I am fascinated by the blockchain world, and part of that fascination comes from witnessing how people boldly, and sometimes blithely, create stuff out of thin air.
Others react badly to this – “it’s not real” – but that reaction stems from a mistake about reality. After all, money, governments, law: they are all in the same boat. They only exist when we collectively believe in them.
In blockchain gaming (BG) what we are witnessing, and taking part in, is the birthing of new kinds of real things. There’s an inherent risk, though: fraud.
There are people who see an opportunity, in the absence of laws and regulations, to exploit belief.
We have three interesting case-studies here, none of whom have yet been brought to trial: Sam Bankman-Fried, Do Kwon, and Justin Sun. All three were in the news this week.
I’m looking forward to the Bankman-Fried Netflix series where they attempt to portray how a man could become so fiscally ungrounded as to pay himself more than $2b while running a business without an accounting department using a couple of Excel spreadsheets. Read
The Montenegro bust
Terraform’s founder Do Kwon was caught at the airport with fake papers, according to Montenegrin authorities. Kwon is interesting because he gave an interview while on the run, denying he was on the run.
“Every time the location of where I live becomes known, it becomes almost impossible for me to live there.”
Must be why he studiously avoided turning himself in while zipping all over the world. Read
The really big news this week was that America’s Securities and Exchange Commission (SEC) charged Tron founder Justin Sun with issuing unregistered securities, the BTT and TRX tokens. He was also accused of “wash trading” – artificially inflating trade volumes by buying from himself – and paying celebrities to endorse the tokens without disclosing the financial incentive.

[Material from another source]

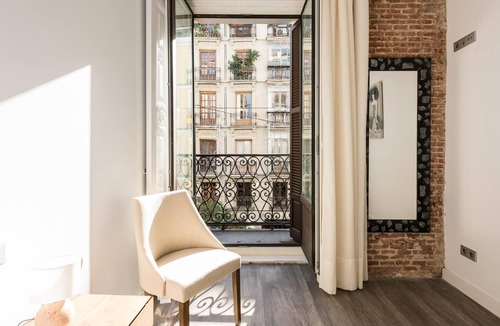 Sol Apartment | PUERTA DEL SOL CITY CENTER II WITH BALCONY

The case rests on the interpretation of the tokens as securities, an issue central to the crypto economy, and indeed to many games. If these crypto assets are securities, what of the tokens being used throughout the gaming industry to raise money and confer governance rights and other privileges on the holders?
A broad interpretation of securities status would be like a wrecking ball running through the industry … yes, but wouldn’t that wrecking ball also pick up a few fraudsters along the way? Read
“We don’t use C-suite roles here. I’m the Lore Keeper.”
I sat down with Frank Cheng for an hour, and this is the result: an interview article that details the Apeiron founder’s beliefs and journey. I loved talking to Frank, because he’s not guarded and as opposed to the characters I mention above, he appears totally authentic. Some other choice quotes:
- “[Orange] is the one who sacks most of the people.”
- “Foonie Magus is a really random name we came up with.”
- “I was one of the top 50 players in StarCraft.”
- “I think we owned 2% of all Axies back then.”
- “10 million [players] is what I would call success.”
This interview will also form the basis for a Key Characters episode, but while we wait for that to come out I encourage you to take the time to read this piece. Read
Speaking of wash trading
Washing was one theory behind the sudden and dramatic decline of trading in Illuvium’s Illuvitar cards on March 16. Caveman covered the possibilities in this piece, but wanted to believe it was more to do with legitimate trading patterns than sleight of hand.
A final couple of thoughts from me: I have opined before about how BG has to move beyond believers, preaching to the converted. I still think that, but I also acknowledge that belief really must precede reality to make any of this work. Even at the risk of fraud.
The other thought, surveying the three men accused of illegal or predatory behaviour: fraud is probably not a binary state. It’s something you can slip into by degrees.